**Exercise aim**: Beginning at the line with "The players of" in the records below, return each line up to and including the last, exactly as it stands, but not the pictures.

**Data for analysis**:
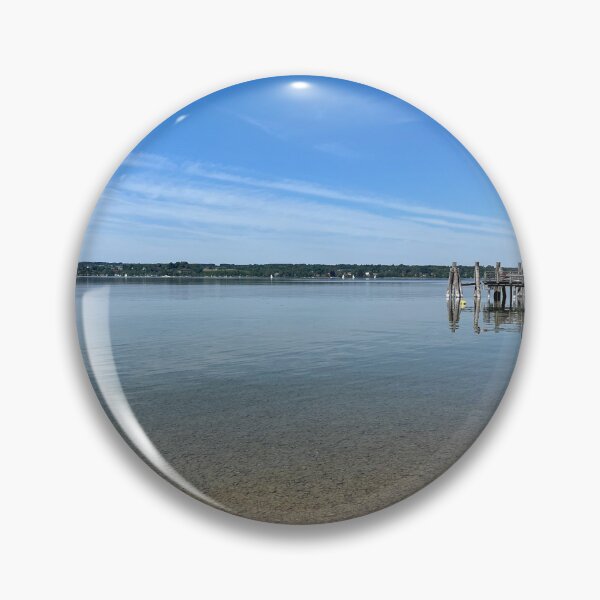 Item preview, Quiet wooden jetty on the wide blue lake designed and sold by Art of Momenz.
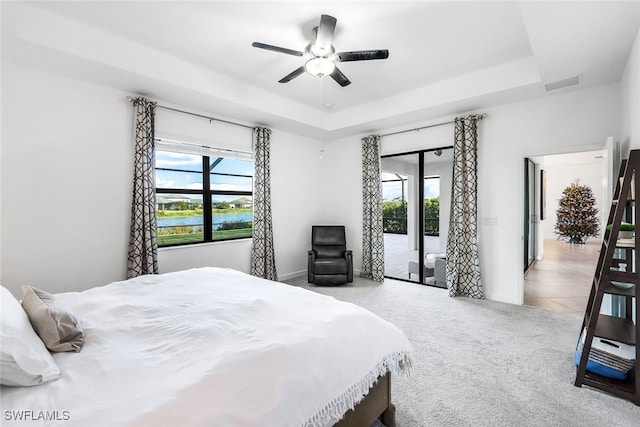 bedroom featuring a water view, a tray ceiling, ceiling fan, and access to outside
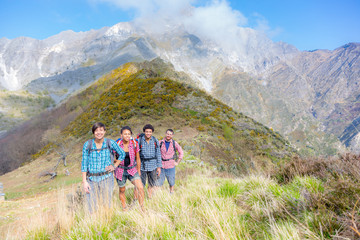 Fototapeta premium Happy Hikers at Top of Mountain
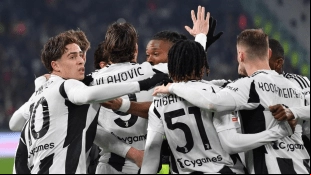 The players of Juventus celebrate a goal in Turin.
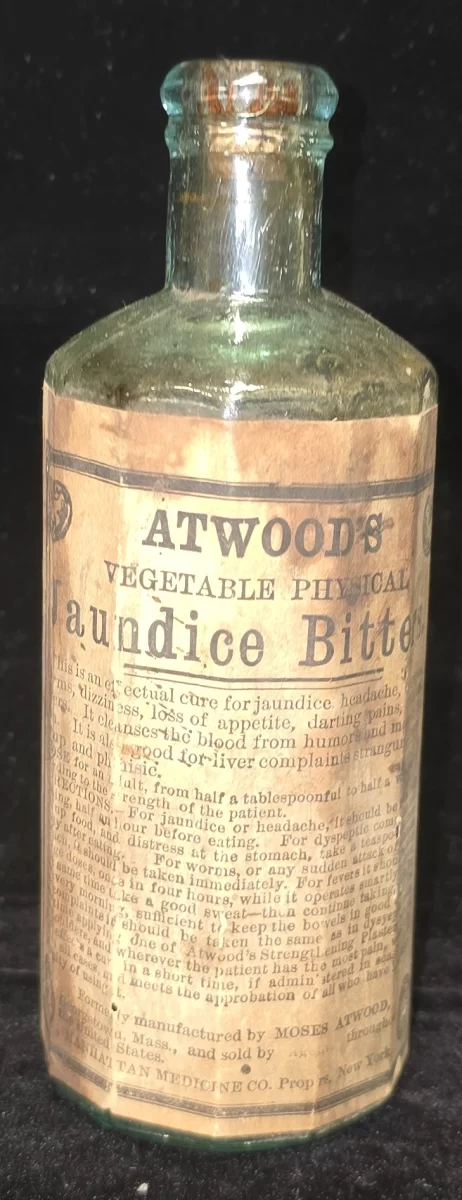 Embossed aqua glass bottle labeled “Atwood’s Vegetable Physical Jaundice Bitters – Moses Atwood – Georgetown, Mass” with original paper label intact.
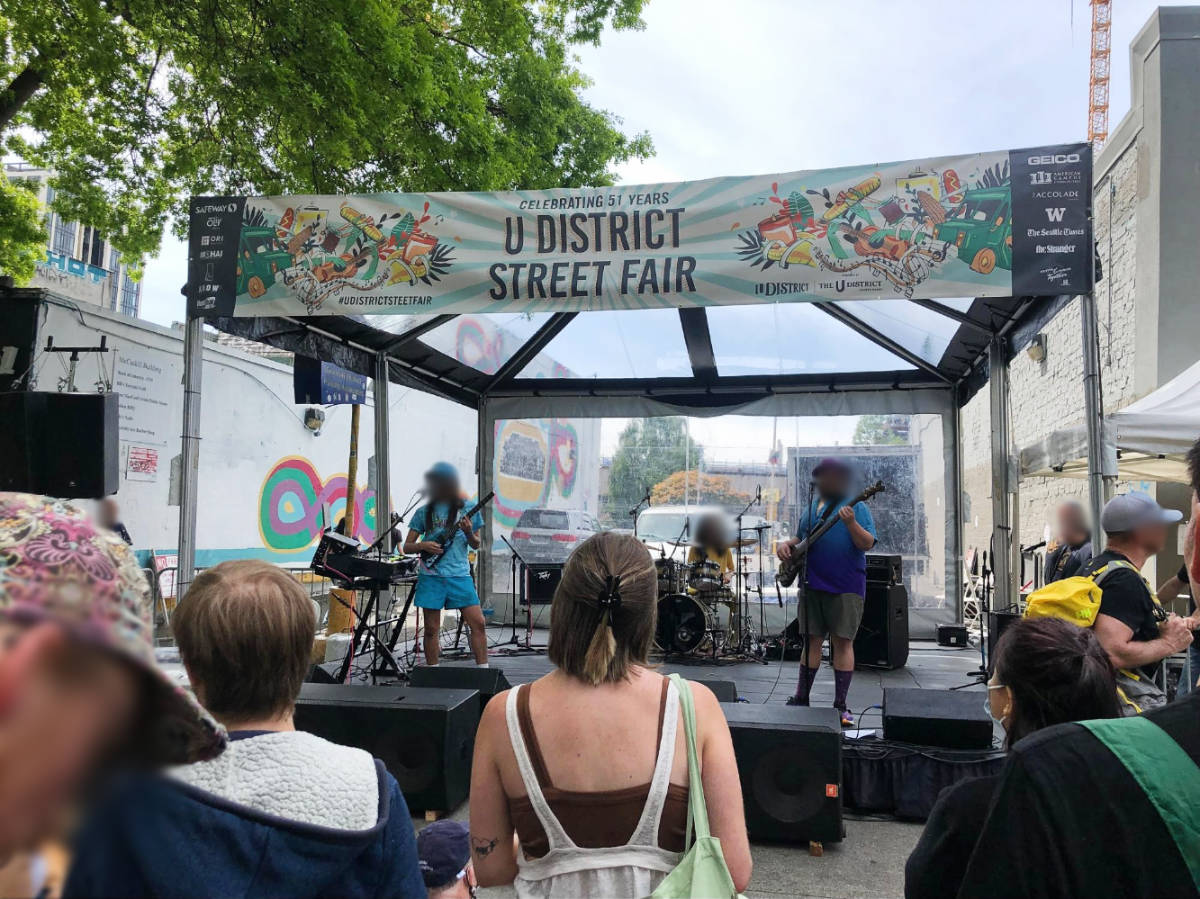 People watching a live performance at the U-District Street Fair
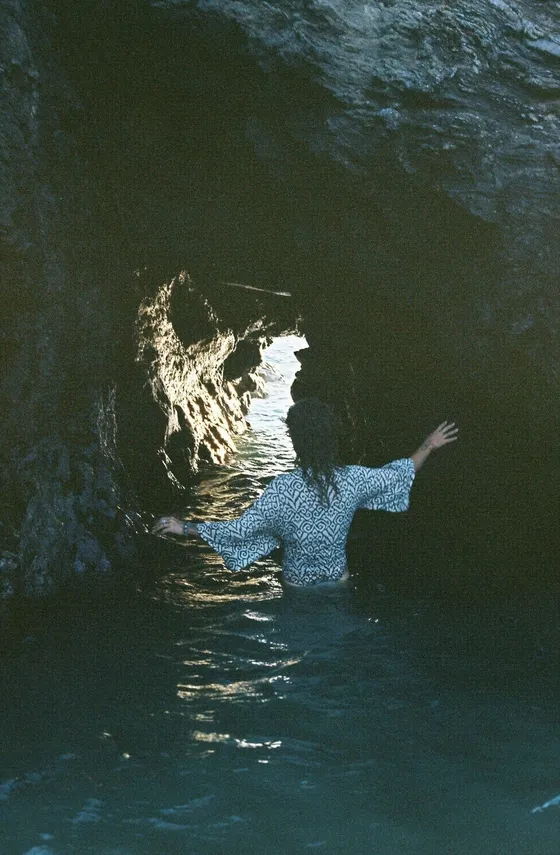 A woman wading through dark water toward the light at the mouth of a sea cave.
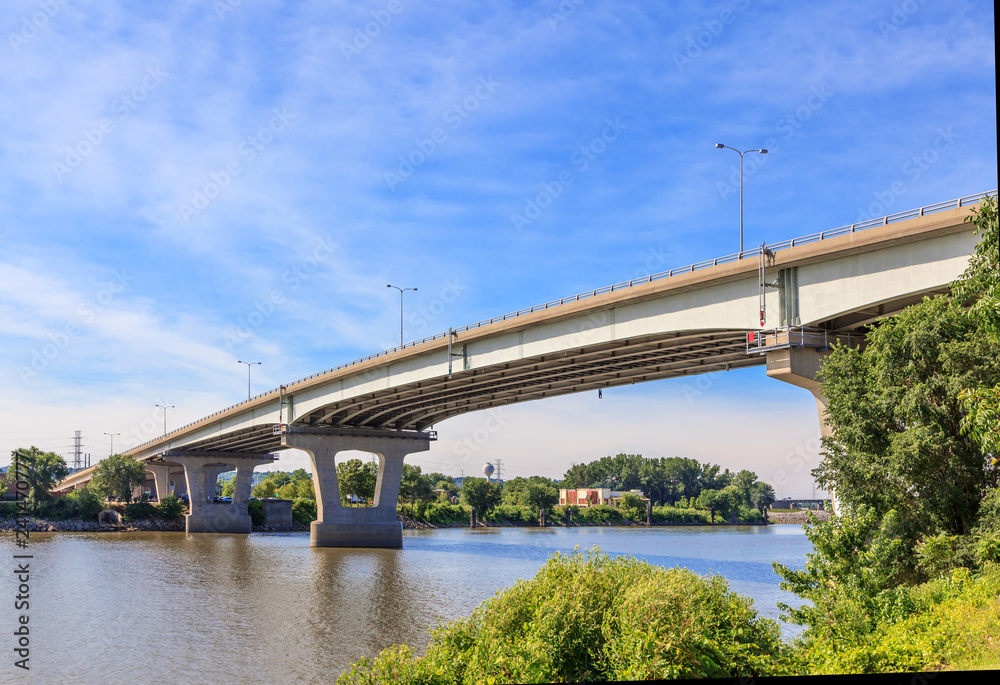 Concrete bridge spanning over the Illinois River by Peoria, showing the shoreline and sky. Concrete bridge spanning over the Illinois River by Peoria, showing the shoreline and sky.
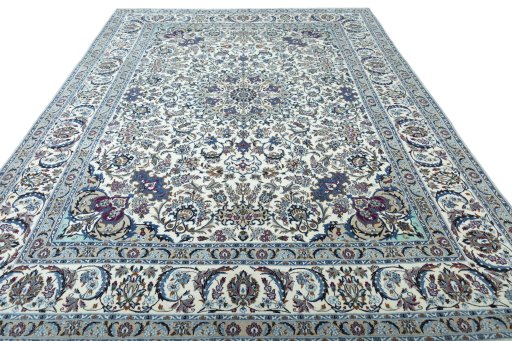 Surface texture of 2000s Nain rug with natural Wool and intricate pattern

**Solution to this exercise**:
 The players of Juventus celebrate a goal in Turin.
 Embossed aqua glass bottle labeled “Atwood’s Vegetable Physical Jaundice Bitters – Moses Atwood – Georgetown, Mass” with original paper label intact.
 People watching a live performance at the U-District Street Fair
 A woman wading through dark water toward the light at the mouth of a sea cave.
 Concrete bridge spanning over the Illinois River by Peoria, showing the shoreline and sky. Concrete bridge spanning over the Illinois River by Peoria, showing the shoreline and sky.
 Surface texture of 2000s Nain rug with natural Wool and intricate pattern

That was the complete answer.